There are many different classes of visa; each one respectively issued for a specific purpose of presence in the U.S. It is possible for someone to have more than one type of visa. Length of visa validity varies depending upon the visa classification and the diplomatic relationship between the U.S. and the country in which the visa is being issued. Likewise, visas may be valid for a single entry, dual entry, or multiple entries. Regardless, once the person is admitted into the U.S., the validity of the visa has no bearing upon their legal presence. A visa may expire or even be cancelled at the time of entry, but as long as the person has gained legal admittance, they may remain in the U.S. until their "status" expires. On the other hand, an expired visa cannot be used to reenter the country other than in the case of automatic revalidation when traveling to Canada, Mexico, and certain adjacent Caribbean islands for a period of 30 days or less, if the person is eligible for this benefit. Besides this noted exception and a few specified visa classes, a visa can only be obtained outside of the country and someone with an expired visa will need to apply for a new one in order to be readmitted if they leave the U.S.
When an individual is legally admitted to the country, they acquire "STATUS". This term refers to the condition of legal presence within the country, and the Immigration and Naturalization Service regulates it. Just like visas, there are many categories of status, which are defined by non-immigrant classification designations. Generally speaking, the type, or classification, of visa used for entry into the country will determine this designation, and thus, the person's status. Occasionally, though a person will be classified in a status that is different from their visa category. The I-94, received at the time of entry, will indicate the designated status as well as the expiration date of that status.

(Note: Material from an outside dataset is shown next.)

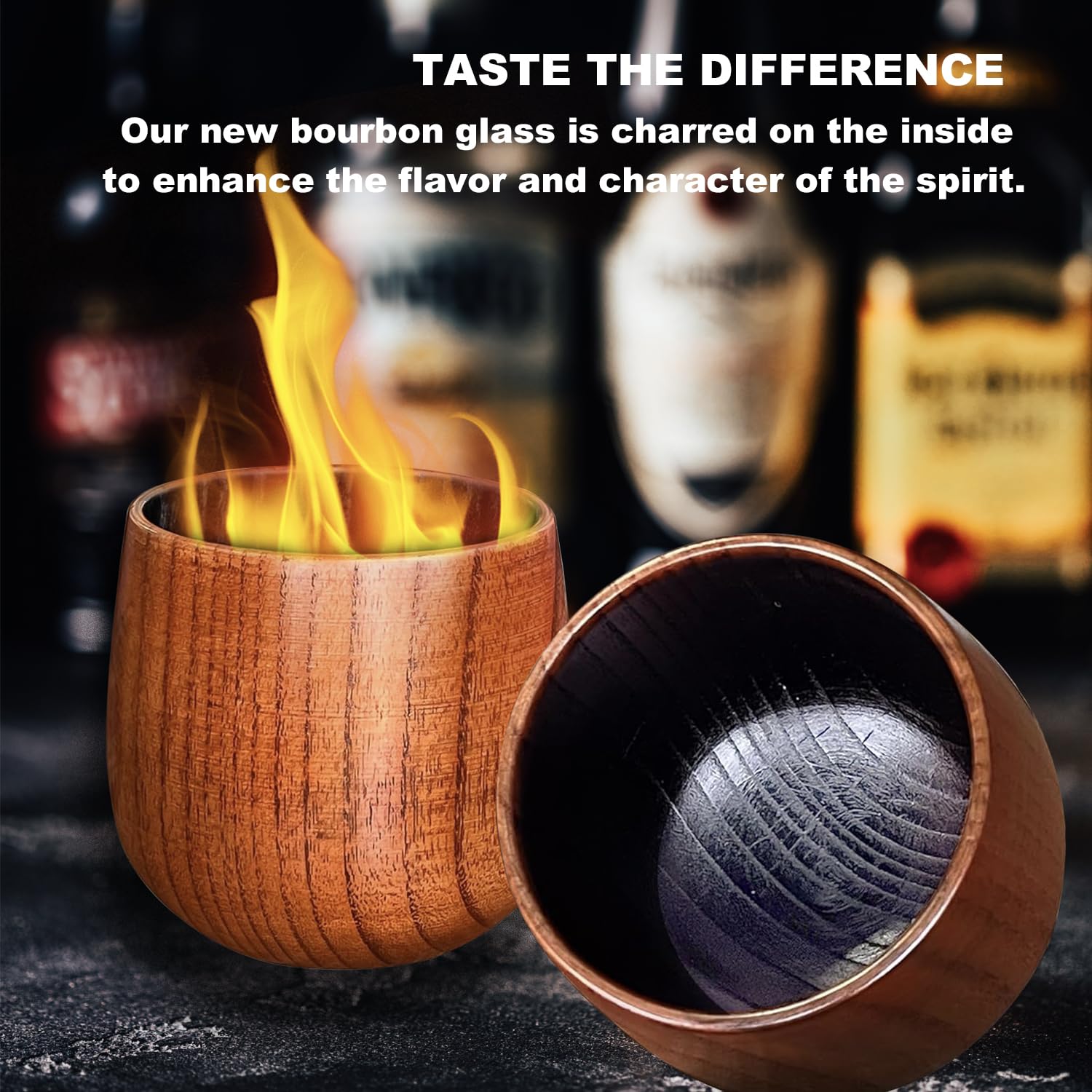 Lotnafee 2-pack bourbon tumbler set laid out for display and use.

A student in F-1 or J-1 status may legally remain in the country for "Duration of Status", which will be indicated as "D/S"on their I-94. This means that as long as the person is doing what the regulations specify they need to do to maintain their F-1 or J-1 status, then they have status until they are done with their specified academic program, plus an additional allowable period (60-days for F-1; 30 days for J-1) to prepare for departure from the country. Other status types, such as B-2 (tourist), will have a specific expiration date for their status, and they must depart the country by the specified date or face possible legal consequences, including potential deportation and/or being barred from future admittance to the U.S.
It is sometimes possible to change from one status to another while inside the U.S. by making application to the Immigration and Naturalization Service. A change of status from within the country, however, does not change the visa. Therefore, traveling out of the country after changing status necessitates acquiring a new visa of the class corresponding to the new status to use for reentry, if retaining that status designation upon return to the U.S. is desired. Similarly, it may also be possible to obtain a different status by simply reentering the country using a visa type corresponding to the category of intended status.
Clearly, failure on behalf of the international student advisor to comprehend the distinction between visa and status may result in misadvising with potential dire repercussions to the student.